Notion vs Obsidian: What 6 Months of Daily Use Actually Taught Me

4 min read
Split screen showing Notion and Obsidian interfaces

The 3 AM Panic Attack

It’s 3:47 AM. My Notion workspace won’t load. Internet’s out. I have a client presentation at 9 AM, and every slide, every talking point, every reference is locked behind Notion’s cloud.

That night, I started migrating 2,000 notes to Obsidian.

This isn’t a feature comparison. This is a war story.

The Honeymoon: Why I Loved Notion (Month 1)

What hooked me:

  • Databases felt like magic (relations, rollups, formulas)
  • Collaboration was seamless (real-time co-editing)
  • Templates made everything look professional instantly

I built:

  • A content calendar with automatic status tracking
  • A CRM for freelance clients with invoice tracking
  • A personal wiki with backlinked everything

It was beautiful. It was powerful. It was fragile.

The Cracks: Where Notion Failed Me (Months 2–4)

1. The Cloud Dependency Prison

Notion requires internet. Always. No exceptions.

Scenarios where this failed:

  • Flights (no offline mode for linked databases)
  • Spotty cafe WiFi (pages half-load, formatting breaks)
  • Notion outages (rare but catastrophic when they happen)

I’m not talking about “slightly inconvenient.” I’m talking about losing access to your entire knowledge base when connectivity drops.

2. The Speed Tax

Ever tried opening a large Notion page with embedded databases?

Average load time: 3–8 seconds.

Obsidian average: instant. (Because it’s just opening a text file on your local drive.)

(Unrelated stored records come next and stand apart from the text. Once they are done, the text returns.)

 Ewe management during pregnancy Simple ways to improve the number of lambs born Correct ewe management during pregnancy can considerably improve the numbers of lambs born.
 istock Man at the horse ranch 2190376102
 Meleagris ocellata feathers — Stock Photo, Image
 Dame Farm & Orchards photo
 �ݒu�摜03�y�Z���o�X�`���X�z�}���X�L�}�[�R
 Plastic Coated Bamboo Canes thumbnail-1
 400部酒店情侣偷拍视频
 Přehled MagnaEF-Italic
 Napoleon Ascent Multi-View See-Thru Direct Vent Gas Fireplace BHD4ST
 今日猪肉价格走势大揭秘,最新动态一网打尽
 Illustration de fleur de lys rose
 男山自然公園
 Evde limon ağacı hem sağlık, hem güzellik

When you’re checking notes 50+ times per day, those seconds compound into 30+ minutes of waiting per week.

3. Vendor Lock-In Hell

Notion export is technically possible. Practically? It’s a mess.

What you lose when exporting:

  • Database views and formulas
  • Backlinks and relations
  • All formatting nuance

Your beautiful, interconnected workspace becomes a folder of janky Markdown files with broken links.

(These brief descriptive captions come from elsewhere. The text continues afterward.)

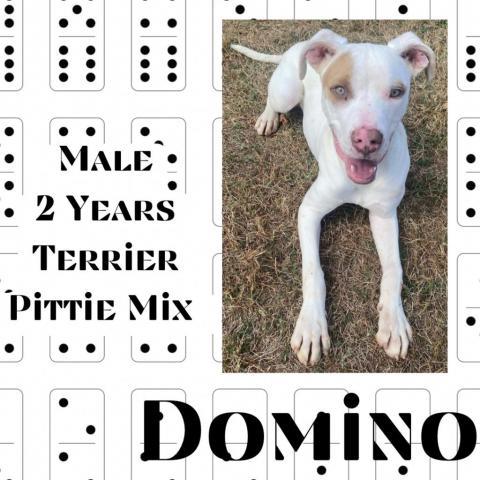 Domino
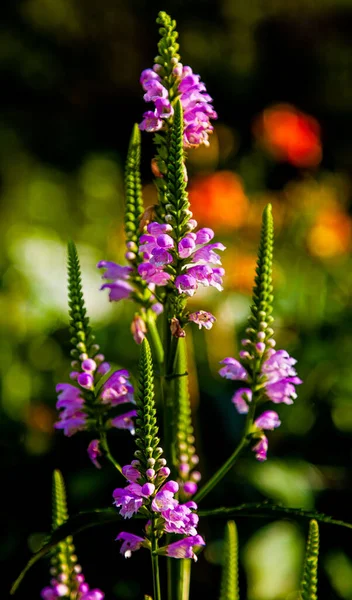 Petits Lupins Dans Jardin — Photo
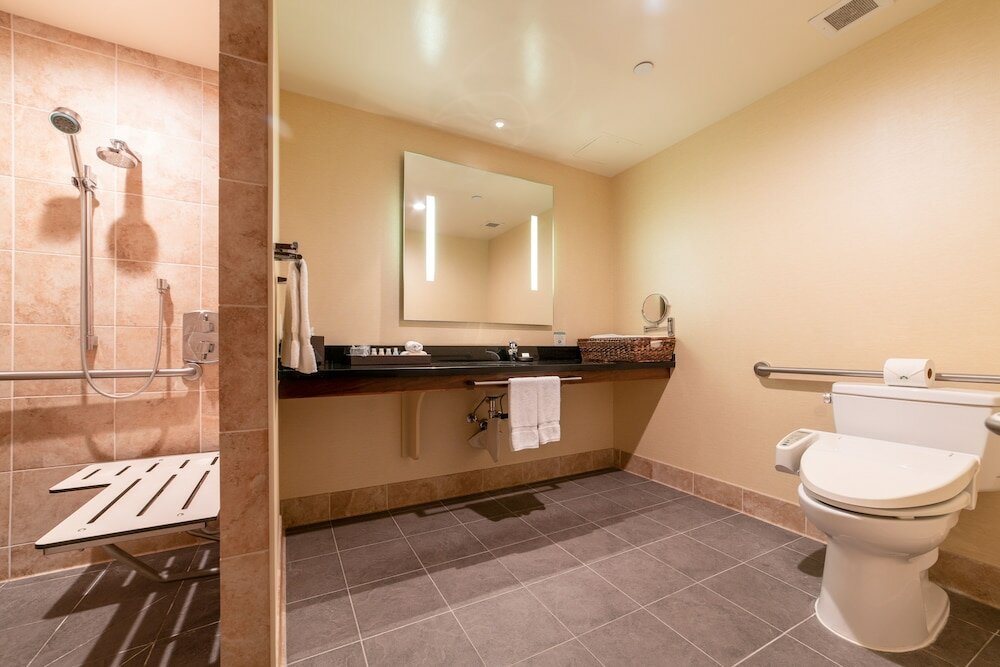 Deluxe Room, 1 King Bed, Accessible, City View (ADA Accessible Deluxe King)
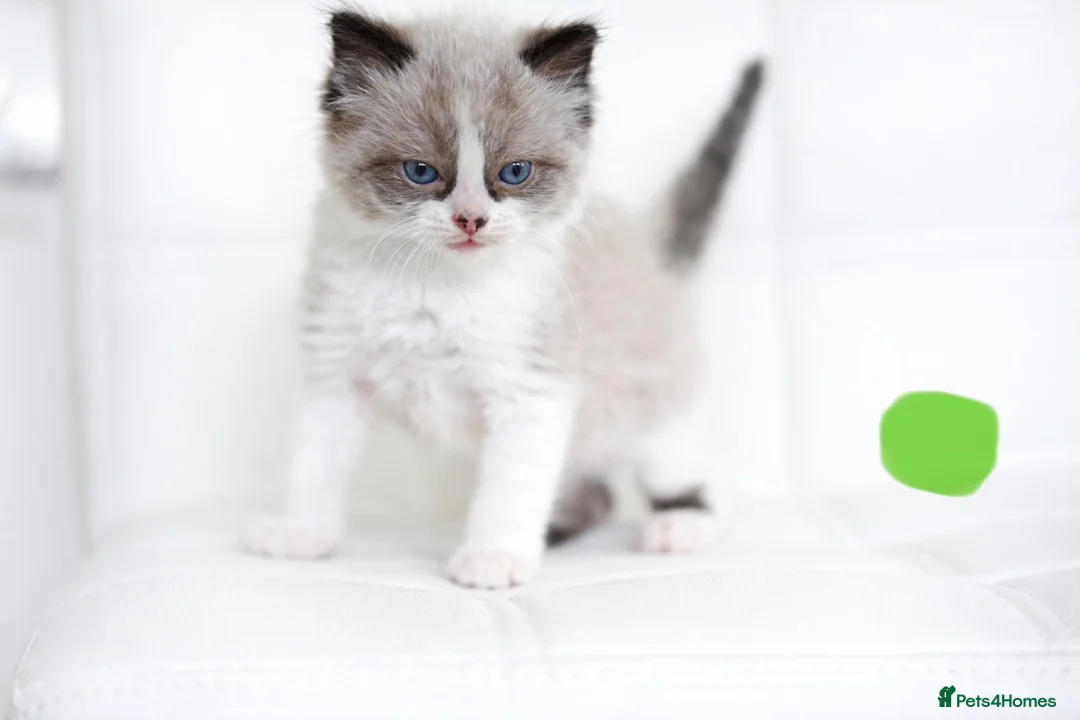 Ragdoll cats for sale: Beautiful ragdoll kittens  - Advert 1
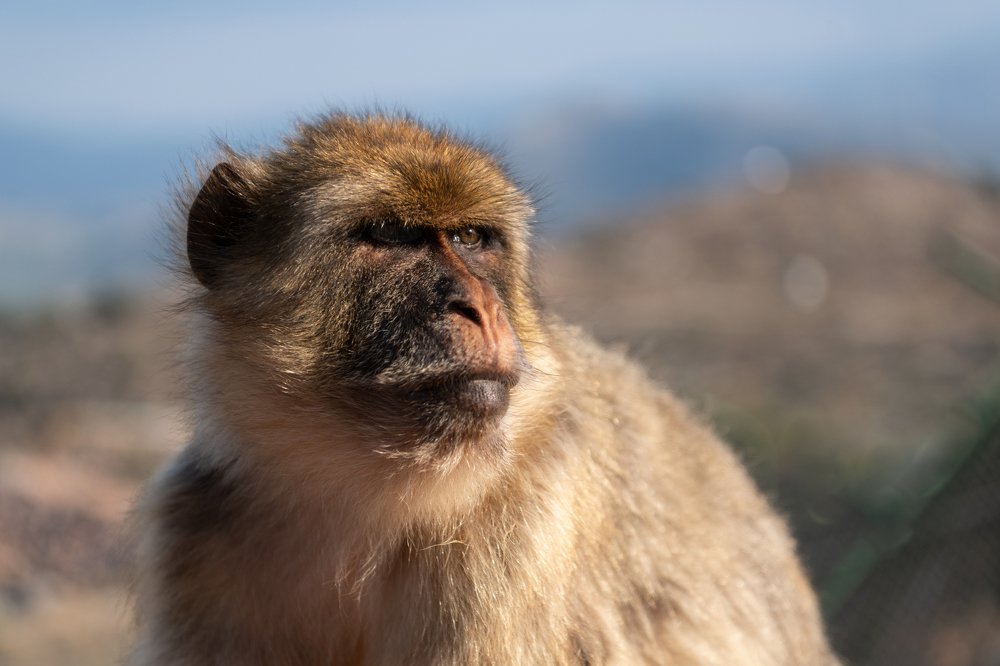 Photograph by Татьяна Дударенко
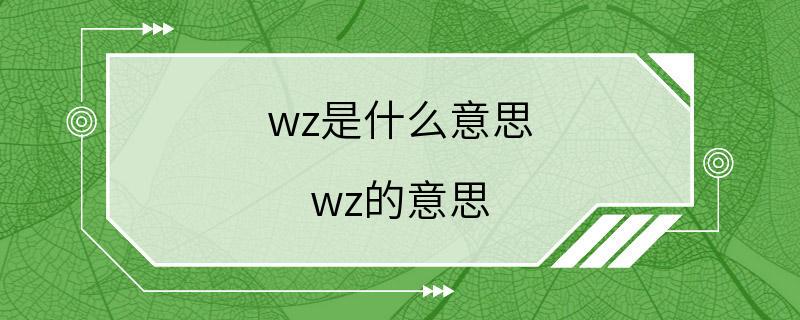 wz是什么意思 wz的意思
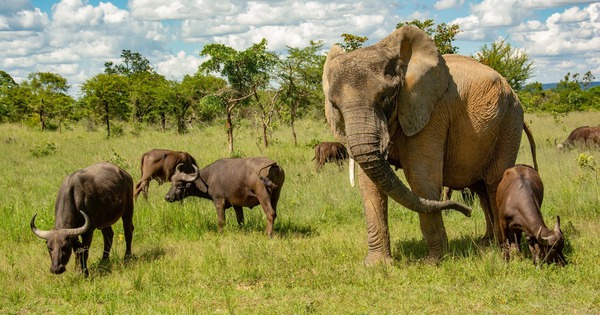 Con voi này tưởng mình là trâu, thậm chí trở thành thủ lĩnh đàn trâu và đã giết chết 14 con trâu đực đến thách đấu avatar1770025789942 1770025791411914981208jpg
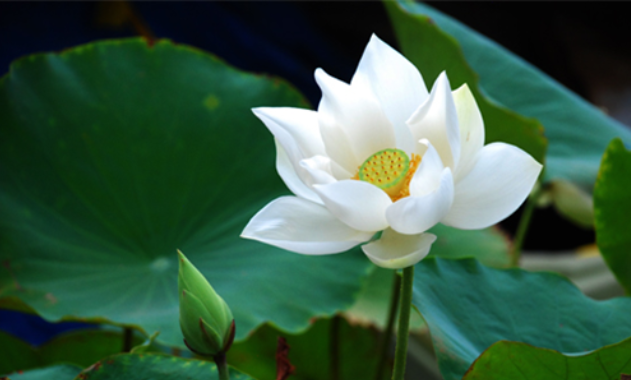 Chữ 'hòa' của đạo Phật 3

Obsidian? Your notes are already plain-text Markdown. Move them anywhere, anytime. Forever.

The Switch: Why Obsidian Won (Months 5–6)

1. Longevity Over Features

Notion: Proprietary format. If Notion shuts down or rug-pulls pricing, your data is hostage.

Obsidian: Plain-text files. Will open in Notepad in 2050. Zero vendor risk.

When you’re building a personal knowledge base meant to last decades, this isn’t a nice-to-have. It’s existential.

2. Speed = Reduced Friction

Obsidian opens instantly. Search returns results in milliseconds. No loading spinners. No “syncing…” delays.

Result: I actually use my notes now.

Notion’s polish created friction. Obsidian’s simplicity removed it.

3. The Plugin Ecosystem

Notion’s feature set is determined by Notion.

Obsidian’s plugin ecosystem means:

  • Spaced repetition (Anki-style flashcards inside your notes)
  • Advanced canvas/whiteboard view
  • Git integration for version control
  • Custom themes and CSS snippets

If you can code (or copy-paste), you can make Obsidian do anything.

The Contrarian Truth: Most People Should Use Neither

Here’s what nobody says:

If your notes are simple: Apple Notes or Google Keep are faster and require zero setup.

If you need heavy collaboration: Google Docs or Confluence beat both Notion and Obsidian.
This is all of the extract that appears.